* **Work item**
Set down the full listing that follows, word for word.

* **Exercise input**
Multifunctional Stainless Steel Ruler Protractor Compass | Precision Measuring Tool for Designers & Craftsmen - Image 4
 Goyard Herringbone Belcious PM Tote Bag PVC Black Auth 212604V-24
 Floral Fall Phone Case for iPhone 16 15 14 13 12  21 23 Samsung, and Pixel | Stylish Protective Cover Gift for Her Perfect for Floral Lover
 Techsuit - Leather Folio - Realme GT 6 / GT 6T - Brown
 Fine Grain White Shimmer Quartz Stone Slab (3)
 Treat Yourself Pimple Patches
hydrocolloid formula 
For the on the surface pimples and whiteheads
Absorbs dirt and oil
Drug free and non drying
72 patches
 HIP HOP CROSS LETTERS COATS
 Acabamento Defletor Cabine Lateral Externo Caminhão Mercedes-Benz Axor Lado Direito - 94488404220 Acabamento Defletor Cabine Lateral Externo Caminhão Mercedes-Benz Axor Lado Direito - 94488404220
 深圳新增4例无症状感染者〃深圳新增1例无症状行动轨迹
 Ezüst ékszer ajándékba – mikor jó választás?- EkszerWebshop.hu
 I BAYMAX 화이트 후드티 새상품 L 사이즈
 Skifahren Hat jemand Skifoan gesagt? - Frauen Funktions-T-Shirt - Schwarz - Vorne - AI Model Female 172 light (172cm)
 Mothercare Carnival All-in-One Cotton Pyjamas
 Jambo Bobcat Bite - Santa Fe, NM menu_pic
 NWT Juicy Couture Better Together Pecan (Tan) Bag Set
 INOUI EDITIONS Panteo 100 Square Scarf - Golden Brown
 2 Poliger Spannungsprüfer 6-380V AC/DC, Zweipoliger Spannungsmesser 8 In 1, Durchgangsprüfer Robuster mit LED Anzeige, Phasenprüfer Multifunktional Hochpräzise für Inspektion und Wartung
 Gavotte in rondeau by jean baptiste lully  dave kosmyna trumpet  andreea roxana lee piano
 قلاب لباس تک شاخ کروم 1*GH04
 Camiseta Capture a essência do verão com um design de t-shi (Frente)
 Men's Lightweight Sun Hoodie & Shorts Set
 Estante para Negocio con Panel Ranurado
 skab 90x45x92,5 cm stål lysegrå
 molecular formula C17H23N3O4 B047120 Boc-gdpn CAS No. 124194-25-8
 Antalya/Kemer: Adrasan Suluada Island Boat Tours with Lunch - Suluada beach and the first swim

* **Your response**
Multifunctional Stainless Steel Ruler Protractor Compass | Precision Measuring Tool for Designers & Craftsmen - Image 4
 Goyard Herringbone Belcious PM Tote Bag PVC Black Auth 212604V-24
 Floral Fall Phone Case for iPhone 16 15 14 13 12  21 23 Samsung, and Pixel | Stylish Protective Cover Gift for Her Perfect for Floral Lover
 Techsuit - Leather Folio - Realme GT 6 / GT 6T - Brown
 Fine Grain White Shimmer Quartz Stone Slab (3)
 Treat Yourself Pimple Patches
hydrocolloid formula 
For the on the surface pimples and whiteheads
Absorbs dirt and oil
Drug free and non drying
72 patches
 HIP HOP CROSS LETTERS COATS
 Acabamento Defletor Cabine Lateral Externo Caminhão Mercedes-Benz Axor Lado Direito - 94488404220 Acabamento Defletor Cabine Lateral Externo Caminhão Mercedes-Benz Axor Lado Direito - 94488404220
 深圳新增4例无症状感染者〃深圳新增1例无症状行动轨迹
 Ezüst ékszer ajándékba – mikor jó választás?- EkszerWebshop.hu
 I BAYMAX 화이트 후드티 새상품 L 사이즈
 Skifahren Hat jemand Skifoan gesagt? - Frauen Funktions-T-Shirt - Schwarz - Vorne - AI Model Female 172 light (172cm)
 Mothercare Carnival All-in-One Cotton Pyjamas
 Jambo Bobcat Bite - Santa Fe, NM menu_pic
 NWT Juicy Couture Better Together Pecan (Tan) Bag Set
 INOUI EDITIONS Panteo 100 Square Scarf - Golden Brown
 2 Poliger Spannungsprüfer 6-380V AC/DC, Zweipoliger Spannungsmesser 8 In 1, Durchgangsprüfer Robuster mit LED Anzeige, Phasenprüfer Multifunktional Hochpräzise für Inspektion und Wartung
 Gavotte in rondeau by jean baptiste lully  dave kosmyna trumpet  andreea roxana lee piano
 قلاب لباس تک شاخ کروم 1*GH04
 Camiseta Capture a essência do verão com um design de t-shi (Frente)
 Men's Lightweight Sun Hoodie & Shorts Set
 Estante para Negocio con Panel Ranurado
 skab 90x45x92,5 cm stål lysegrå
 molecular formula C17H23N3O4 B047120 Boc-gdpn CAS No. 124194-25-8
 Antalya/Kemer: Adrasan Suluada Island Boat Tours with Lunch - Suluada beach and the first swim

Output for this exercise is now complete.